Task goal —
The response should repeat word for word every line below from the one with "Used 2015 Hyundai Sonata Hybrid FWD image 10" to the one with "Neat & Tidy", inclusive, and nothing else; leave pictures out.

Given records —

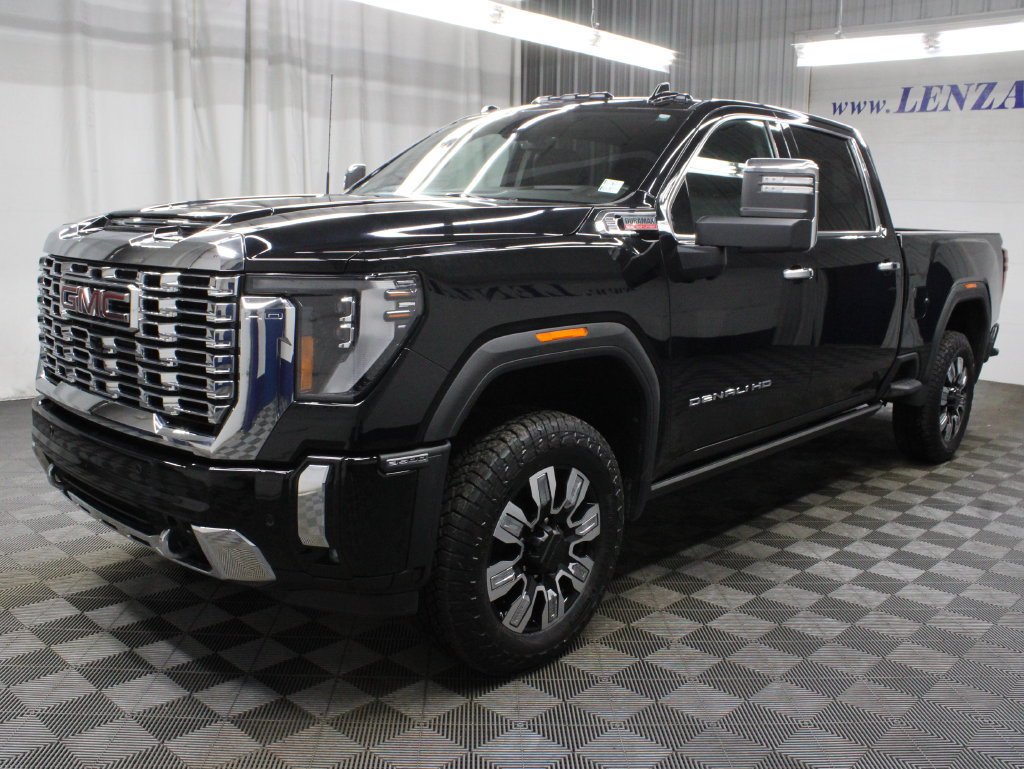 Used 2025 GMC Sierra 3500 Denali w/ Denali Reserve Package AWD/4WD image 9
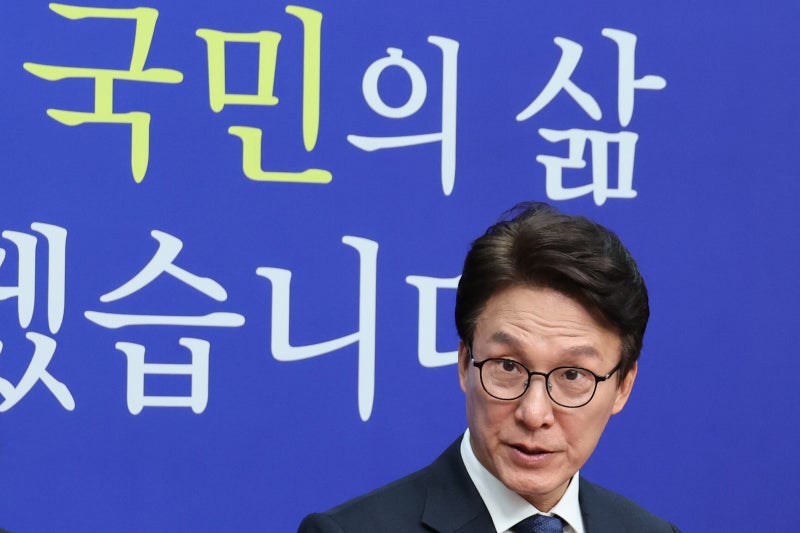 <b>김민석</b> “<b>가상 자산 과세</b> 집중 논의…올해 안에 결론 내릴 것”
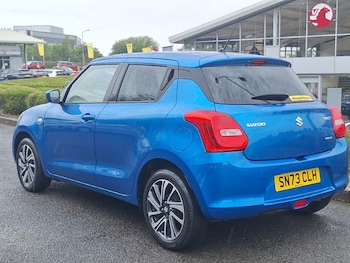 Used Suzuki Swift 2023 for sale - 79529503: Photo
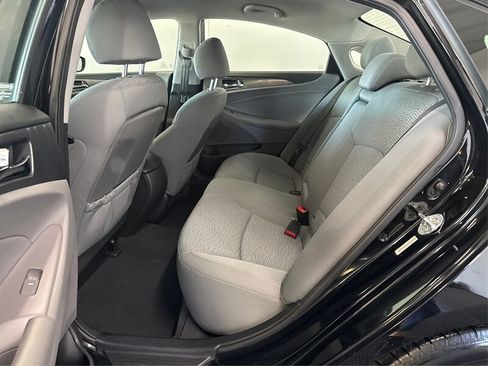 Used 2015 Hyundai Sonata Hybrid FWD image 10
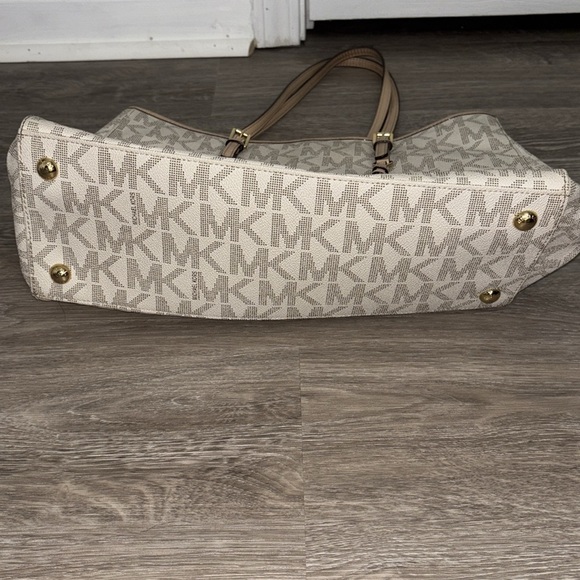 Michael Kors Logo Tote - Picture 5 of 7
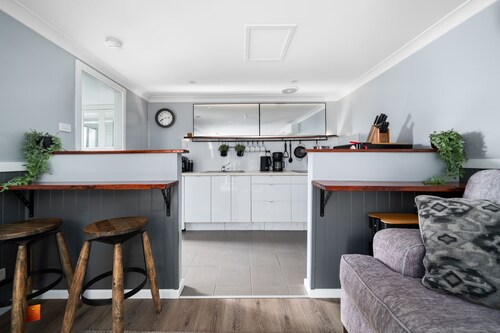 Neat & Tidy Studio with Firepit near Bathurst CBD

...

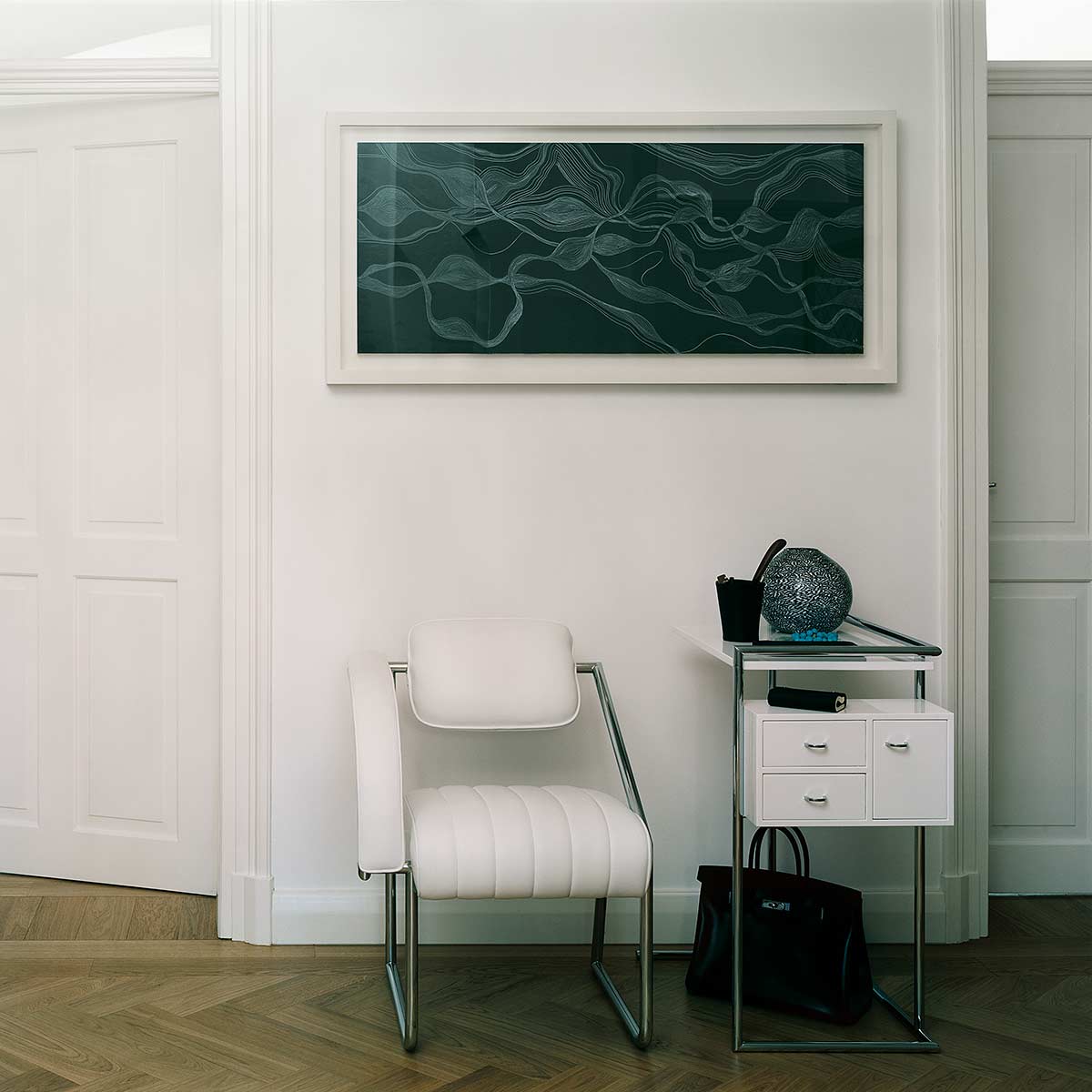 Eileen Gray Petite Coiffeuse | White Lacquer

Result of this task —
 Used 2015 Hyundai Sonata Hybrid FWD image 10
 Michael Kors Logo Tote - Picture 5 of 7
 Neat & Tidy Studio with Firepit near Bathurst CBD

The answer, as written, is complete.